**EXERCISE BRIEF**
Repeat the data exactly, every last line of it.

**Web page caption snippets**
◇ ◇ ◇ ◇ ◇
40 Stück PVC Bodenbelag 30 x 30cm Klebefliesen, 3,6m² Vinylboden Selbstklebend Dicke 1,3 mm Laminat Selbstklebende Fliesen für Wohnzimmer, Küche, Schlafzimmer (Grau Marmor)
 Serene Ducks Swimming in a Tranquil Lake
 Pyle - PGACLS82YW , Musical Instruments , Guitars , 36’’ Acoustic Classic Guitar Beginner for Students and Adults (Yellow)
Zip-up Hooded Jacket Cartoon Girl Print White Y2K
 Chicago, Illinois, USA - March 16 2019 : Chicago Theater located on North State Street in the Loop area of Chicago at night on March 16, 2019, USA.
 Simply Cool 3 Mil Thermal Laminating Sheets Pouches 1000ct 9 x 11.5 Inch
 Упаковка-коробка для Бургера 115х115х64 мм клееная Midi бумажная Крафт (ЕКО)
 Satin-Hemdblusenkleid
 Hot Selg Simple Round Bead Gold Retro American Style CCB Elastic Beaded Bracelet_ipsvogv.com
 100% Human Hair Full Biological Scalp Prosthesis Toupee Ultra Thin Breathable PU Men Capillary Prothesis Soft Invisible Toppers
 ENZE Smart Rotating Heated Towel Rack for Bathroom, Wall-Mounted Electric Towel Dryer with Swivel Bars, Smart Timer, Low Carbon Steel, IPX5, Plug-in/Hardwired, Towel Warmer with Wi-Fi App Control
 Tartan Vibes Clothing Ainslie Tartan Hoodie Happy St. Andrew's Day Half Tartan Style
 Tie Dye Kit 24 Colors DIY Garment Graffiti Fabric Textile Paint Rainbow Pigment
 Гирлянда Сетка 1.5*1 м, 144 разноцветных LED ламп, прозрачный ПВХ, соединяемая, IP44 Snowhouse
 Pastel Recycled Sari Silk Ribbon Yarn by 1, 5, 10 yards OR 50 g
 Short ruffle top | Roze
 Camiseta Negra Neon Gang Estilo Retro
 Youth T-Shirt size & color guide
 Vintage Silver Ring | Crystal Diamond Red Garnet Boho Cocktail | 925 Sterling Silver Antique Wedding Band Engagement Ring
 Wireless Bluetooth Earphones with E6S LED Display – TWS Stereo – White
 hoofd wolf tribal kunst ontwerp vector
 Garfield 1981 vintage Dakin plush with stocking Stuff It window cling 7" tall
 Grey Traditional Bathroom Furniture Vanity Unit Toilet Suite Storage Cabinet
◇ ◇ ◇ ◇ ◇
**YOUR RESPONSE**
40 Stück PVC Bodenbelag 30 x 30cm Klebefliesen, 3,6m² Vinylboden Selbstklebend Dicke 1,3 mm Laminat Selbstklebende Fliesen für Wohnzimmer, Küche, Schlafzimmer (Grau Marmor)
 Serene Ducks Swimming in a Tranquil Lake
 Pyle - PGACLS82YW , Musical Instruments , Guitars , 36’’ Acoustic Classic Guitar Beginner for Students and Adults (Yellow)
Zip-up Hooded Jacket Cartoon Girl Print White Y2K
 Chicago, Illinois, USA - March 16 2019 : Chicago Theater located on North State Street in the Loop area of Chicago at night on March 16, 2019, USA.
 Simply Cool 3 Mil Thermal Laminating Sheets Pouches 1000ct 9 x 11.5 Inch
 Упаковка-коробка для Бургера 115х115х64 мм клееная Midi бумажная Крафт (ЕКО)
 Satin-Hemdblusenkleid
 Hot Selg Simple Round Bead Gold Retro American Style CCB Elastic Beaded Bracelet_ipsvogv.com
 100% Human Hair Full Biological Scalp Prosthesis Toupee Ultra Thin Breathable PU Men Capillary Prothesis Soft Invisible Toppers
 ENZE Smart Rotating Heated Towel Rack for Bathroom, Wall-Mounted Electric Towel Dryer with Swivel Bars, Smart Timer, Low Carbon Steel, IPX5, Plug-in/Hardwired, Towel Warmer with Wi-Fi App Control
 Tartan Vibes Clothing Ainslie Tartan Hoodie Happy St. Andrew's Day Half Tartan Style
 Tie Dye Kit 24 Colors DIY Garment Graffiti Fabric Textile Paint Rainbow Pigment
 Гирлянда Сетка 1.5*1 м, 144 разноцветных LED ламп, прозрачный ПВХ, соединяемая, IP44 Snowhouse
 Pastel Recycled Sari Silk Ribbon Yarn by 1, 5, 10 yards OR 50 g
 Short ruffle top | Roze
 Camiseta Negra Neon Gang Estilo Retro
 Youth T-Shirt size & color guide
 Vintage Silver Ring | Crystal Diamond Red Garnet Boho Cocktail | 925 Sterling Silver Antique Wedding Band Engagement Ring
 Wireless Bluetooth Earphones with E6S LED Display – TWS Stereo – White
 hoofd wolf tribal kunst ontwerp vector
 Garfield 1981 vintage Dakin plush with stocking Stuff It window cling 7" tall
 Grey Traditional Bathroom Furniture Vanity Unit Toilet Suite Storage Cabinet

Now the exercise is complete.